+++ Material for this task
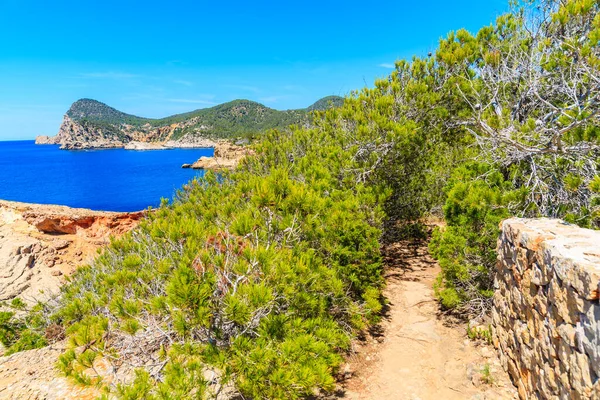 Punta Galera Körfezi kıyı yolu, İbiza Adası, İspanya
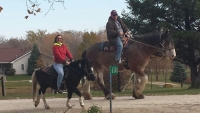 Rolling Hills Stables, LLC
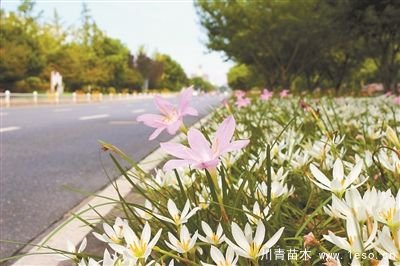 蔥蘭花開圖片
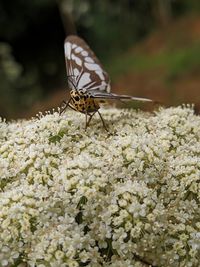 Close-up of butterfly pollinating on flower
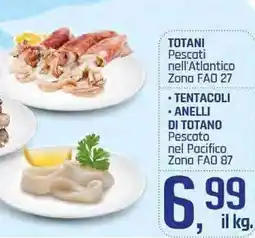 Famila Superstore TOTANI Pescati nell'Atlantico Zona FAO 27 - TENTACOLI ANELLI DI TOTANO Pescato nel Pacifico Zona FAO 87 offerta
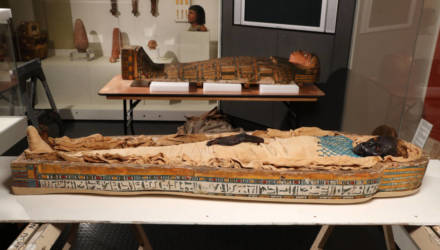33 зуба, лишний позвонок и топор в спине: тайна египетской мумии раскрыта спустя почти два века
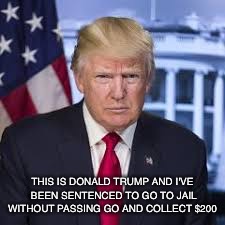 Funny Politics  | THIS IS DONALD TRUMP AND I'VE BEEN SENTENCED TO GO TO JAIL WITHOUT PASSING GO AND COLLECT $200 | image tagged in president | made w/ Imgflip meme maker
++++++
+++ Material for this task
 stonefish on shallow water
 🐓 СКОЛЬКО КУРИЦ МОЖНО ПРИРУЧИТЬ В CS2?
++++++
» **Prompt**
Please repeat the lines of the material above exactly, starting with the line that contains "33 зуба, лишний" and ending with the line that contains "Imgflip meme maker". Leave the pictures out.

» **Solution for this problem**
33 зуба, лишний позвонок и топор в спине: тайна египетской мумии раскрыта спустя почти два века
 Funny Politics  | THIS IS DONALD TRUMP AND I'VE BEEN SENTENCED TO GO TO JAIL WITHOUT PASSING GO AND COLLECT $200 | image tagged in president | made w/ Imgflip meme maker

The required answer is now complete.